Protocol colimits

Disclaimer. The content of this page is largely LM-generated. It was written as a stopgap to make the panproto system legible while we work through the book verifying and editing the content by hand. When a chapter has been verified or edited by a human, the parts that were verified or edited will be noted at the head of the chapter.

Two protocols that share a common sub-protocol combine by pushout in the category of GATs. The composite protocol has every sort and operation of both factors, with sorts and operations in the shared sub-protocol identified along the inclusions. The construction is the same pushout from Colimits and pushouts, applied to a different category.

The chapter has little new mathematics to add beyond that observation. What it owes the reader is a concrete sense of the construction at work on protocols panproto ships, and an honest account of what the universal property buys a developer combining protocols in practice.

Pushouts of protocols

A panproto protocol is a generalised algebraic theory together with auxiliary data, as Protocols as theories, schemas as instances developed. The category of GATs has theory morphisms as its morphisms (from Theory morphisms and instance migration), and this category has pushouts.

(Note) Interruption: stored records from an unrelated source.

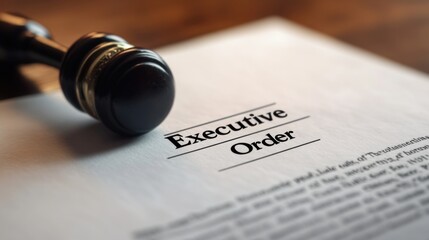 Close-up of an Executive Order Document with Gavel; Legal, Law, Government, Administration, Official, Decree, Regulation, Policy, Legislation, Rule, Mandate, Statute, Presidential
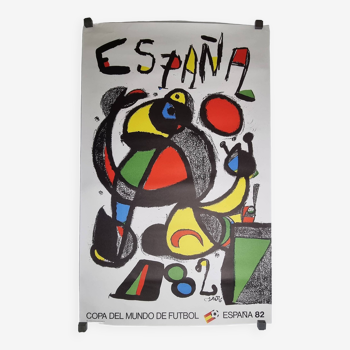 Affiche originale Coupe du Monde Football Espagne 1982 d'après Joan Miró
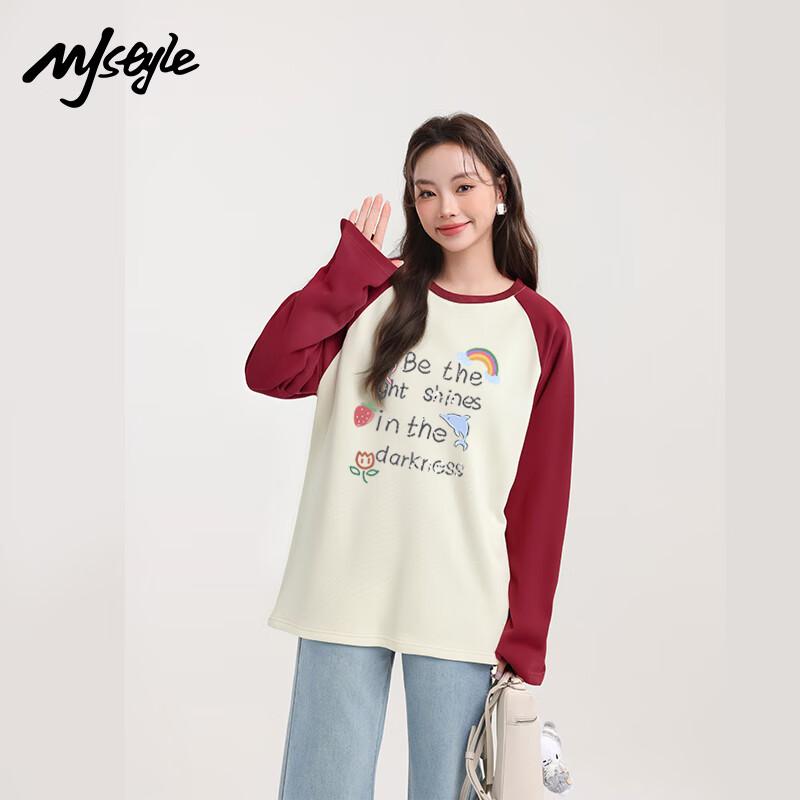 MJ STYLE Women s Cotton Color-Blocked Raglan Sleeve Long-Sleeve T-Shirt M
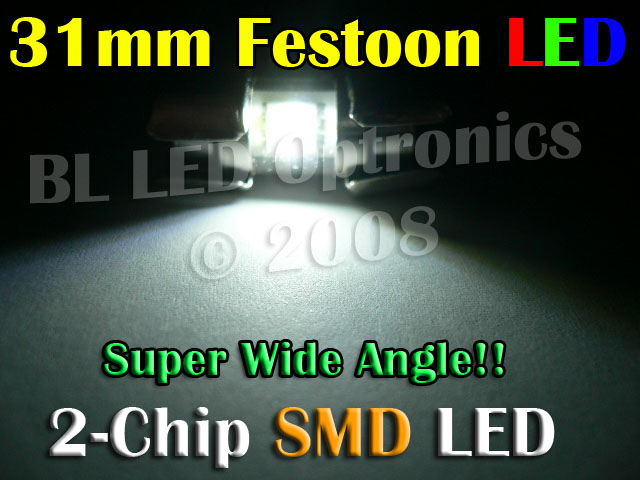 31mm 1-LED SMD (White) - Click Image to Close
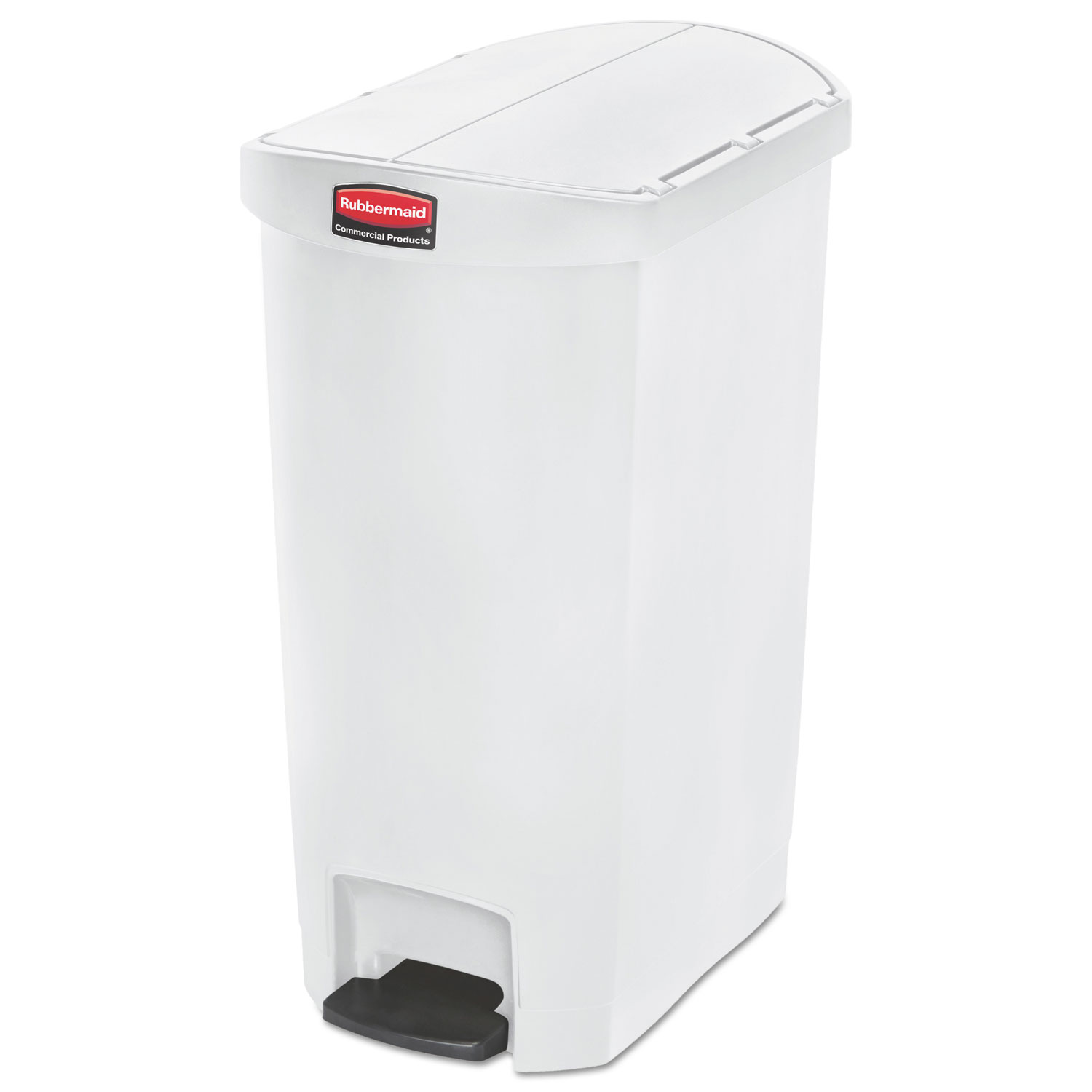  Rubbermaid Commercial 1883558 Slim Jim Resin Step-On Container, End Step Style, 13 gal, White (RCP1883558) 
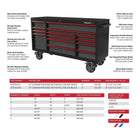 BoxoUSA Pro Series | 72" 14-Drawer Garage Top Rolling Tool Box 72TB-BK-R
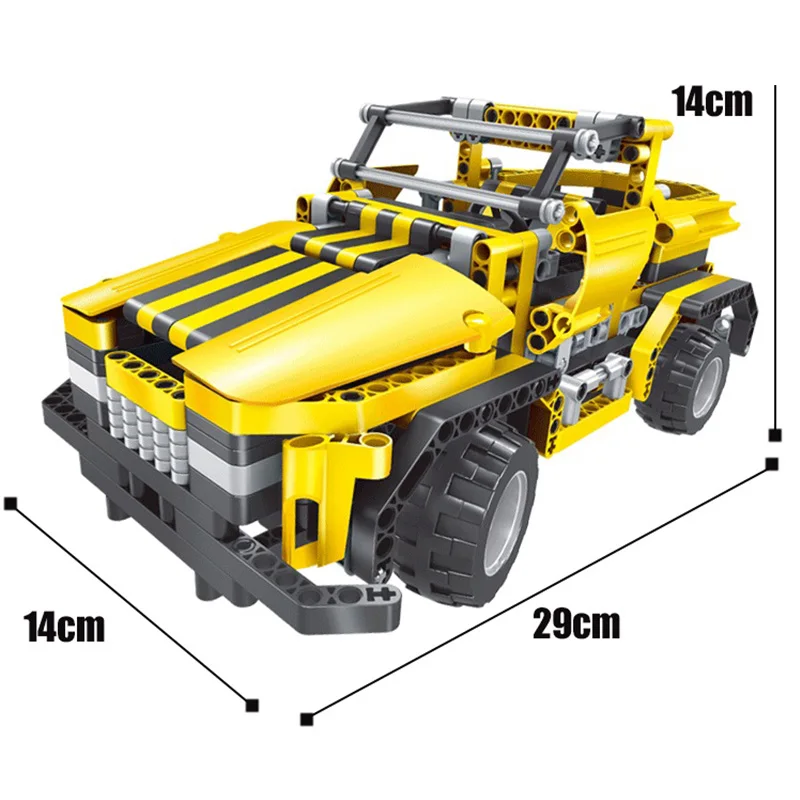 

DIY Building Block Car 423pcs 2 in1 Transform Car DIY Assemble RC Car Technic Series The RC Track Racing Car educational toy gif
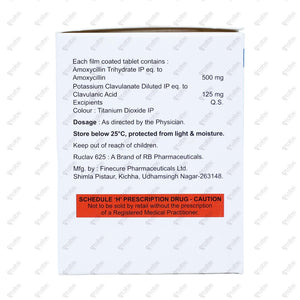RUCLAV 625mg Tablet 10's
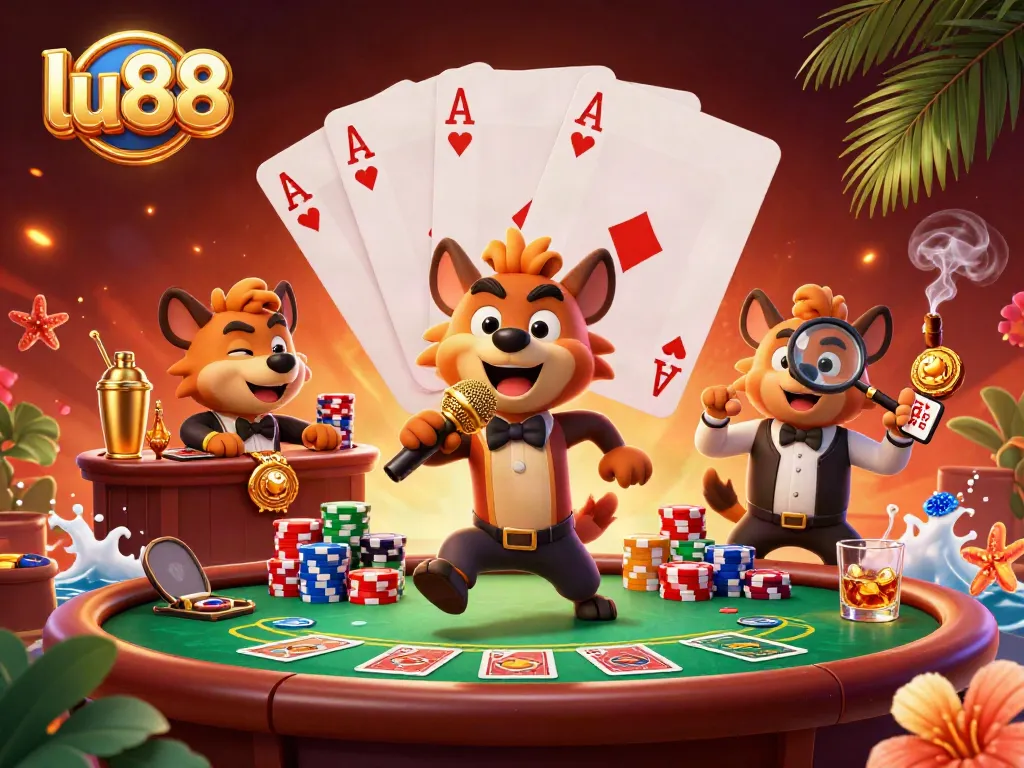 Experience exciting gameplay at lu88 with lively hyenas in a dynamic casino scene.
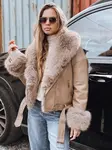 Dámská zimní kožená bunda s kožešinou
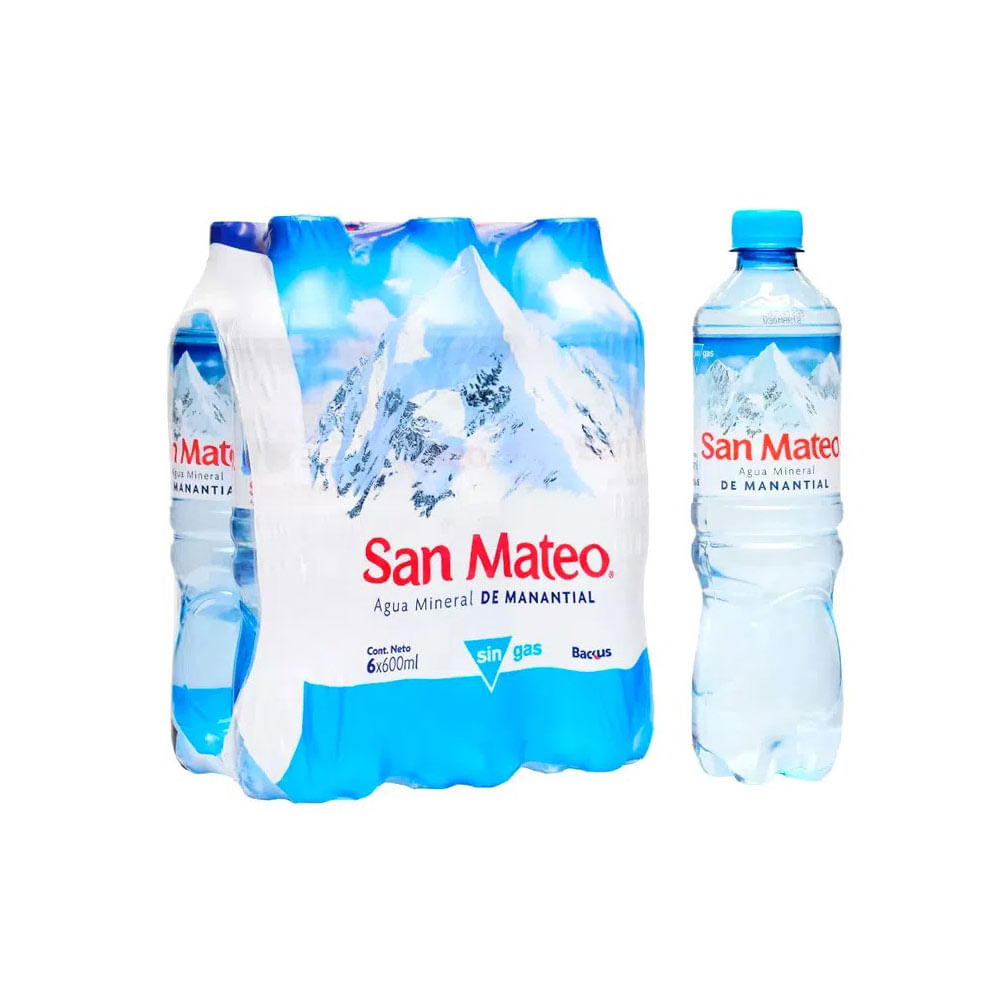 Agua Sin Gas Mineral San Mateo Pack 6 Unidades de 600 ml c/u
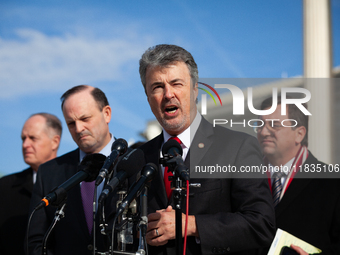 Alabama Attorney General Steve Marshall speaks during a press conference following oral arguments at the Supreme Court on Tennessee's ban on...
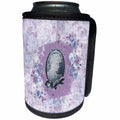 3dRose Beverly Turner Cameo Design - Flowers Surrounding Cameo with Jewel and Bow Look, Purple - Can Cooler Bottle Wrap (cc_272640)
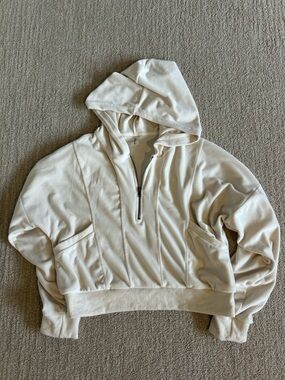 Altar’d State Cream Half-Zip Hooded Pullover Sweatshirt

Given a span of theory morphisms

$P_{1} f P_{0} g P_{2},$

the pushout is a theory $P$ together with morphisms $ι_{1} : P_{1} \to P$ and $ι_{2} : P_{2} \to P$ satisfying

$ι_{1} \circ f = ι_{2} \circ g$

and universal among such. Explicitly, $P$ is built as the disjoint union of the sorts, operations, and equations of $P_{1}$ and $P_{2}$ , with sorts and operations in the image of $P_{0}$ identified along $f$ and $g$ ; equations from either branch are inherited, and new equations may be imposed at the pushout level.

The Rust implementation lives in panproto_gat::colimit for the theory level and panproto_schema::colimit for the schema level. The type-checker verifies that the resulting theory is well-formed and that the pushout morphisms satisfy the defining equation. A reader familiar with the construction from Colimits and pushouts will recognise this as the same construction given there for $Set$ , applied now in a different category; that the construction transports without modification is exactly the force of stating it at the level of the general category.

A combined protocol

A concrete case makes the construction tangible. Let $P_{0}$ be a small shared theory of identifiers: a single sort $Ident$ with an equation declaring it to be a string of a fixed alphabet. Let $P_{1}$ be a relational protocol using identifiers to name tables and columns, and let $P_{2}$ be a document protocol — a subset of FHIR, say — using identifiers to name record types and fields. There are obvious inclusions $P_{0} ↪ P_{1}$ and $P_{0} ↪ P_{2}$ sending $Ident$ to the identifier sort of each target.

The pushout $P$ of the span $P_{1} \leftarrow P_{0} \to P_{2}$ is a protocol whose schemas have both relational tables (with identifier-named columns) and document records (with identifier-named fields), where the identifier sort on both halves is the same sort. A schema under $P$ can use a relational identifier where a document identifier is expected, and vice versa, because the two were identified along $P_{0}$ .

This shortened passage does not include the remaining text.